<<<<

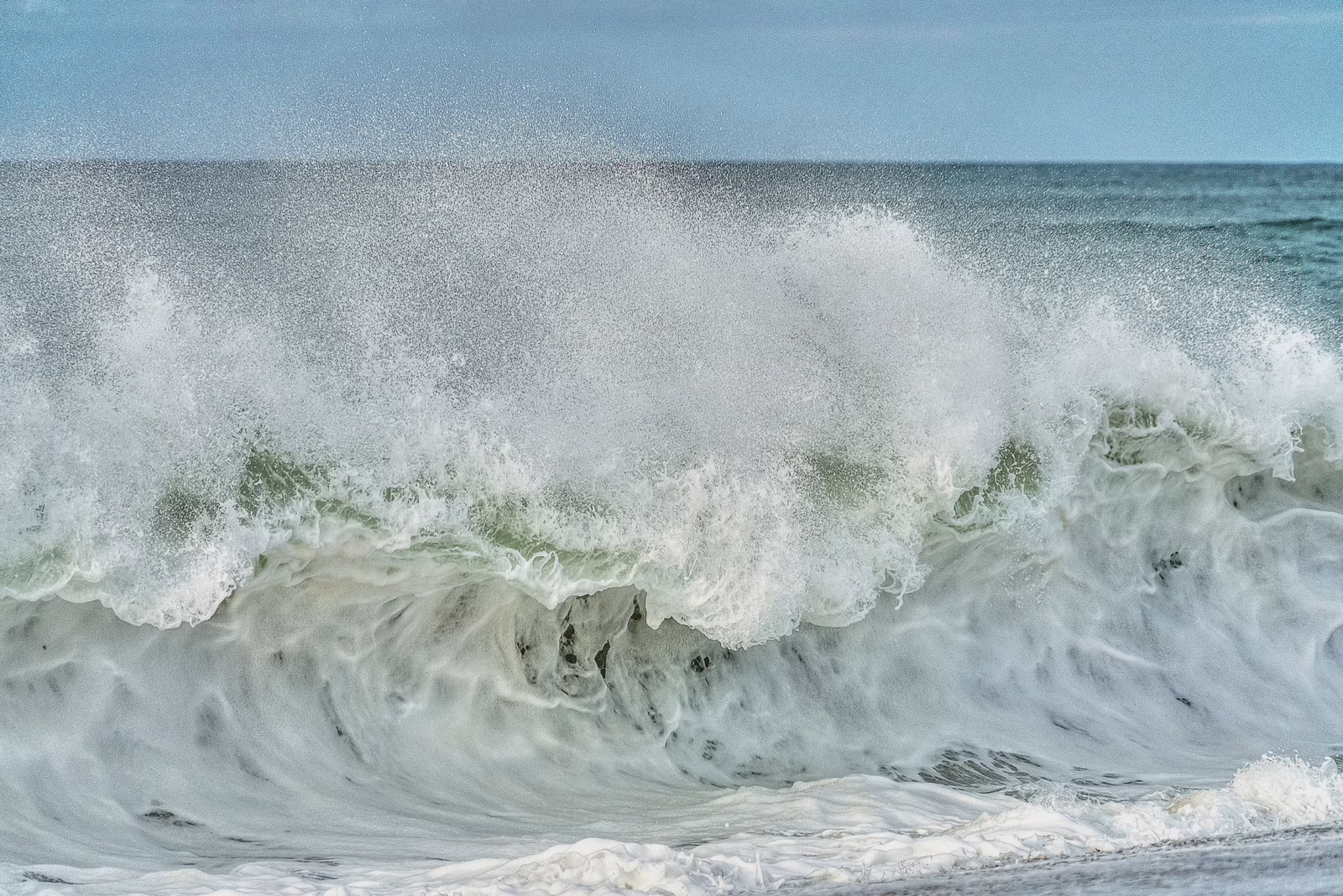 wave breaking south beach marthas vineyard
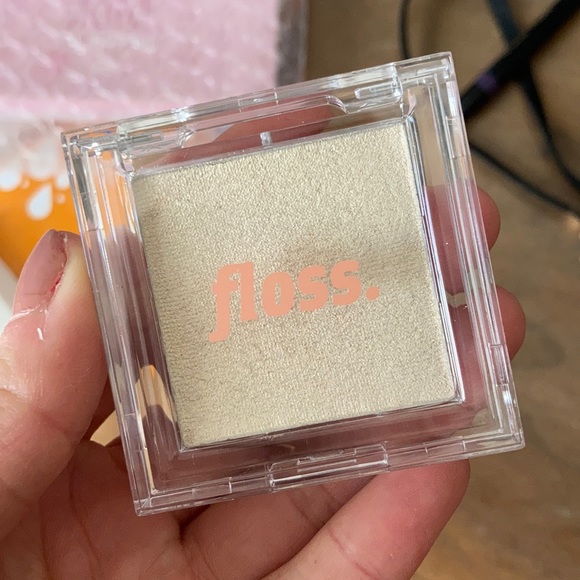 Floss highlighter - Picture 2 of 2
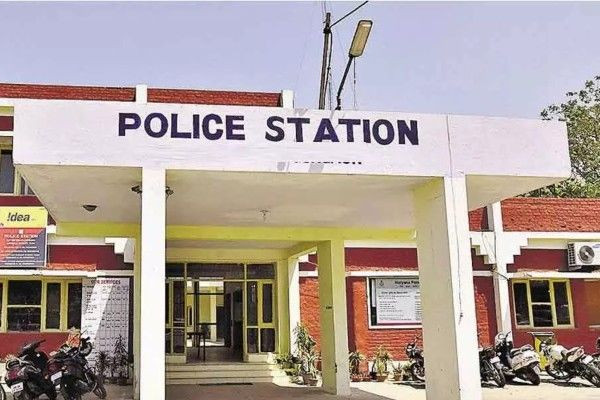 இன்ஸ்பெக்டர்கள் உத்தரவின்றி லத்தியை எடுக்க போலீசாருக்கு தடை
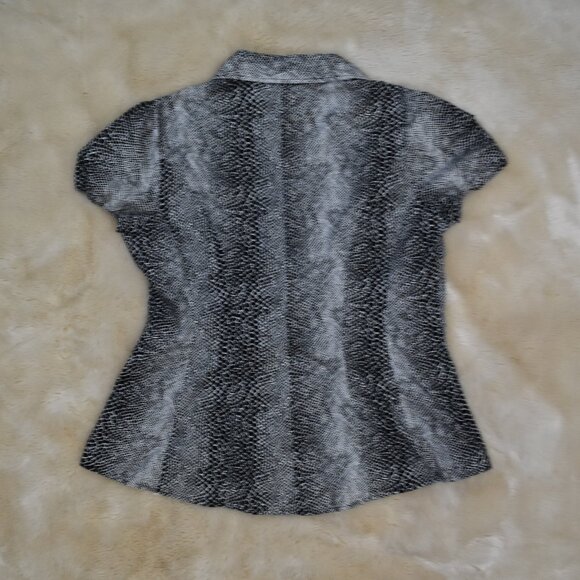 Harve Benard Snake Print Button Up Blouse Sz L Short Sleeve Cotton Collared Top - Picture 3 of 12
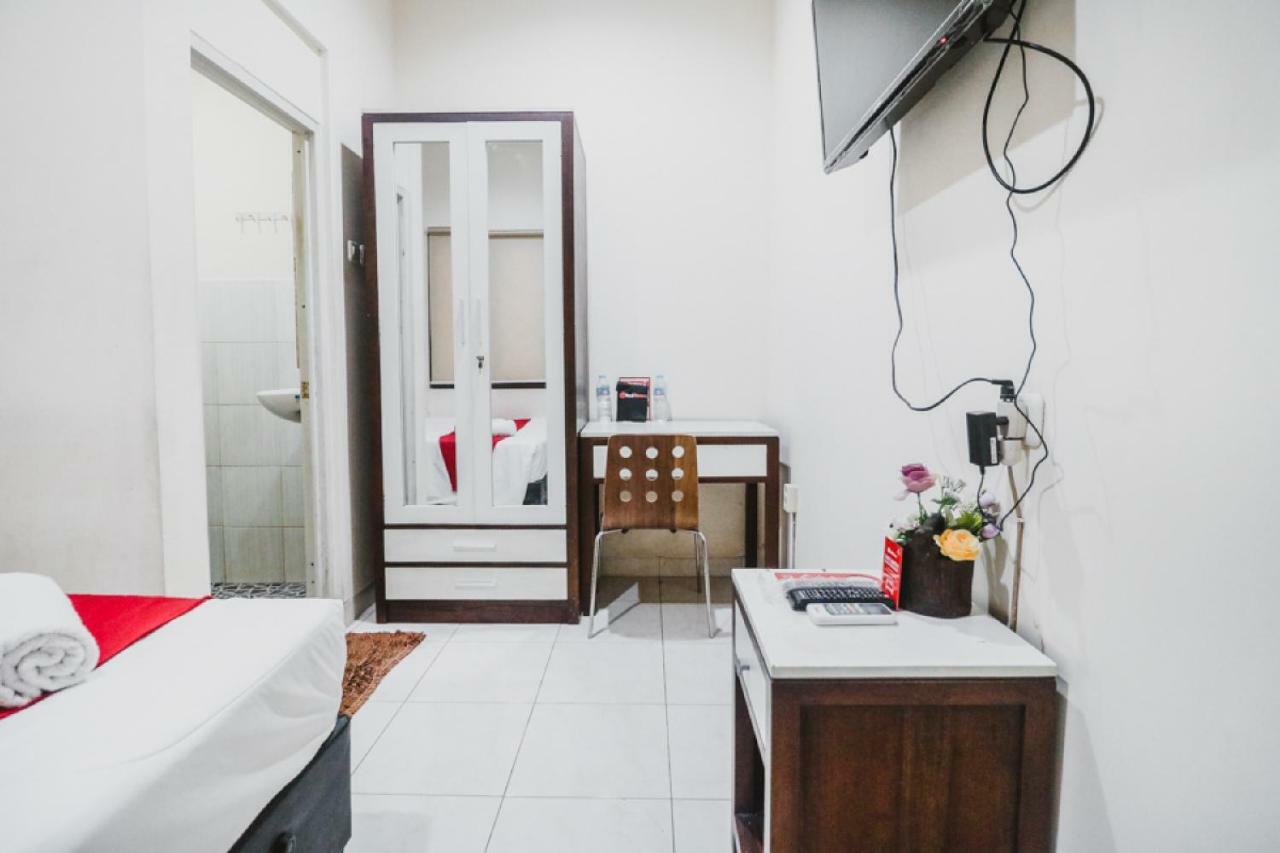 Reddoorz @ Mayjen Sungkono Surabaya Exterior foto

>>>>

_Problem_:
The required output is the line containing "Floss highlighter - Picture 2 of 2" plus every line after it to the end of the data, copied exactly and with no pictures.

_Answer for this exercise_:
 Floss highlighter - Picture 2 of 2
 இன்ஸ்பெக்டர்கள் உத்தரவின்றி லத்தியை எடுக்க போலீசாருக்கு தடை
 Harve Benard Snake Print Button Up Blouse Sz L Short Sleeve Cotton Collared Top - Picture 3 of 12
 Reddoorz @ Mayjen Sungkono Surabaya Exterior foto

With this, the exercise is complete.